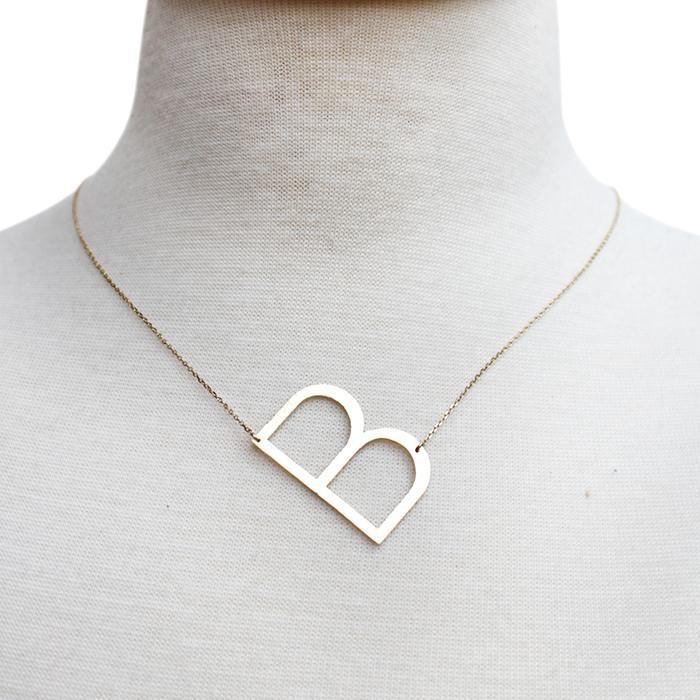 Gold-dipped brass Monogram Collection Initial Necklace with adjustable chain and elegant design.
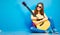 Girl with guitar against blue . hipster style portrait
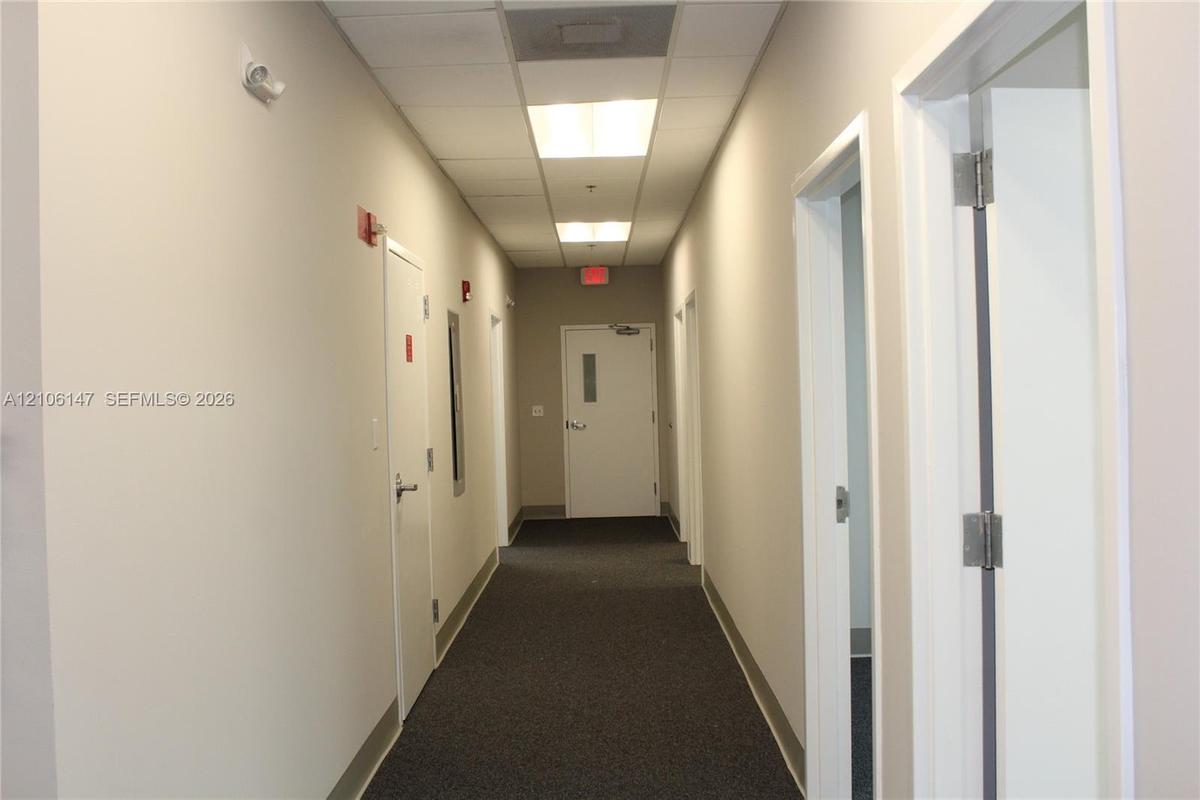 Hallway featuring neutral wall finishes, drop ceiling with integrated recessed lighting, and carpeted flooring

» Goal of the exercise:
Leaving every picture out, output the data exactly as it stands.

» Solution for this problem:
 Gold-dipped brass Monogram Collection Initial Necklace with adjustable chain and elegant design.
 Girl with guitar against blue . hipster style portrait
 Hallway featuring neutral wall finishes, drop ceiling with integrated recessed lighting, and carpeted flooring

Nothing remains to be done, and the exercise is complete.